The inner workings of that clock have a great many gears.
One is the decision to be made on Paul Pierce. Boston's captain has a $15 million payday next season, but the team can also buy him out for just $5 million. That would send the long-tenured Celtic to free agency.
Another decision includes Kevin Garnett's fence-sitting on retirement and a no-trade clause. Garnett has the right to veto any trade team president Danny Ainge makes. He also wouldn't surprise anyone with a retirement after 17 years of service. The man recently celebrated his 37th birthday.
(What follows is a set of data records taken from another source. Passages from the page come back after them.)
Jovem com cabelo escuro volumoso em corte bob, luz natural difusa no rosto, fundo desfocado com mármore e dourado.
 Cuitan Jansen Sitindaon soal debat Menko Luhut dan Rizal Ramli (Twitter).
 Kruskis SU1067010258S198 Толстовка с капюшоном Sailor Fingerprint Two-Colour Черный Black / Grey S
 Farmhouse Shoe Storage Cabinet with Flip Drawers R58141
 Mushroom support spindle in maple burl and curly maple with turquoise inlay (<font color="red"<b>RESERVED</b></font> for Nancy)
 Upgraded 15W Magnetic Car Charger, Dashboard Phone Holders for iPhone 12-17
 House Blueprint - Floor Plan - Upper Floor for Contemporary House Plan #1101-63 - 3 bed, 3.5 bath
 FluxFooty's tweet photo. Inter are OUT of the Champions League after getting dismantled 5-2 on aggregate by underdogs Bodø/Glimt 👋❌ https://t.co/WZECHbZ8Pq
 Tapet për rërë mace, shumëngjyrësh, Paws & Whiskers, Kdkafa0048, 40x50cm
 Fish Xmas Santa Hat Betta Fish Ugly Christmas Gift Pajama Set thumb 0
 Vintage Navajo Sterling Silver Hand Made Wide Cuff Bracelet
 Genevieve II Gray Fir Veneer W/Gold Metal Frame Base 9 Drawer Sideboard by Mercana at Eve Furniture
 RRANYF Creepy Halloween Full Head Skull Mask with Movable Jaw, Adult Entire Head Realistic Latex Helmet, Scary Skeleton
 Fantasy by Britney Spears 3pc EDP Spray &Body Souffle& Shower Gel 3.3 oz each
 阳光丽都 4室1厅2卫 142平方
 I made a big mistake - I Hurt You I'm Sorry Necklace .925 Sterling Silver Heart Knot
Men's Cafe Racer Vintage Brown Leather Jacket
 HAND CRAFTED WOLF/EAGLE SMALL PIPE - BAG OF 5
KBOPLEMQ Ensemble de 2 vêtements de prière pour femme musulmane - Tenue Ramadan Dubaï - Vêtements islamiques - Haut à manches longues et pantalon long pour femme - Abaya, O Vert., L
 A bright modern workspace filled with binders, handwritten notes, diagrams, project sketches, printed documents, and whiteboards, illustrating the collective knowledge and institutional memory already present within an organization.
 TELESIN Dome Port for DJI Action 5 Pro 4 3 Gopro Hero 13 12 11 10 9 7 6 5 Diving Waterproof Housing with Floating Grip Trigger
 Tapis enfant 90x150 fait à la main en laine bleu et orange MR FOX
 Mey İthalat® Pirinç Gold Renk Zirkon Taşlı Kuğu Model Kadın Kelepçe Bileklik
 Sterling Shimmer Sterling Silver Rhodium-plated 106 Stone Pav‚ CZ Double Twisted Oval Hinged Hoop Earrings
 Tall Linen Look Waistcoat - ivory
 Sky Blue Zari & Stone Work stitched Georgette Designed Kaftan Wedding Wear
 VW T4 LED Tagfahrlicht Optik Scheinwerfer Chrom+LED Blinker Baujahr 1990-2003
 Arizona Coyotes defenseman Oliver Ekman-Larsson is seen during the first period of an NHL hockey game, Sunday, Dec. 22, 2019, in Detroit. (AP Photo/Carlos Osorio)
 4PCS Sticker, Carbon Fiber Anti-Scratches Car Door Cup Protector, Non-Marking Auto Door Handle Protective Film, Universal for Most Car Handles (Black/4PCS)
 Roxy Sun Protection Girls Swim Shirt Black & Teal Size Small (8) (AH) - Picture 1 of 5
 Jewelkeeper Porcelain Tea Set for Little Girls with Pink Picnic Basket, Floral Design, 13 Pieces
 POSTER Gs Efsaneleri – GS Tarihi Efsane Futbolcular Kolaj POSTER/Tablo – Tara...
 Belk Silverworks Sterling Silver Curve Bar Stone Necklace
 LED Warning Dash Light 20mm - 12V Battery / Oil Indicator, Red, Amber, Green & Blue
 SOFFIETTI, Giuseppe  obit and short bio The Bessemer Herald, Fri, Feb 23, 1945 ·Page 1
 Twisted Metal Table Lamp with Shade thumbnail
A smaller gear is the health of Rajon Rondo. Though he seems to be continually planting just one foot in superstardom, a ton of upcoming events will hinge on his return from an ACL injury. The Celtics just trudged through half a season without him, something the veterans don't wish to do again.
Those three gears, along with a couple smaller treads, are putting pressure on head coach Doc Rivers.
It has been well over a month since the Knicks ended the Celtics' season, but Rivers is still offering only cryptic replies to the question: Are you coming back next year?
In a recent conversation with the Boston Globe's Gary Washburn, Rivers was again evasive to that increasingly important question. He is constantly couching the hopes of Celtics fans with phrases like "I'd rather not say," or that he will let them know "soon."
Rivers could be waiting on those other gears to turn just a little bit more. The Pierce decision must be made by June 30, which is three days after the NBA draft.
What he would be walking away from is still up in the air. Should Garnett and Pierce return for one more year, Rivers would feel far more obligated to return. Those are his guys, and he loves nothing more right now than sharing his basketball knowledge with them.
However, there is still a chance neither of them returns. The prospects of coaching a young team built around Rondo and Jeff Green may not be as appealing.
The one thing he would absolutely be walking away from is $21 million. Rivers' contract goes for another three years at $7 million a pop. That is a healthy chunk of change, and far more than Rivers could immediately make in the broadcast booth. It's also more than he ever made as an NBA player.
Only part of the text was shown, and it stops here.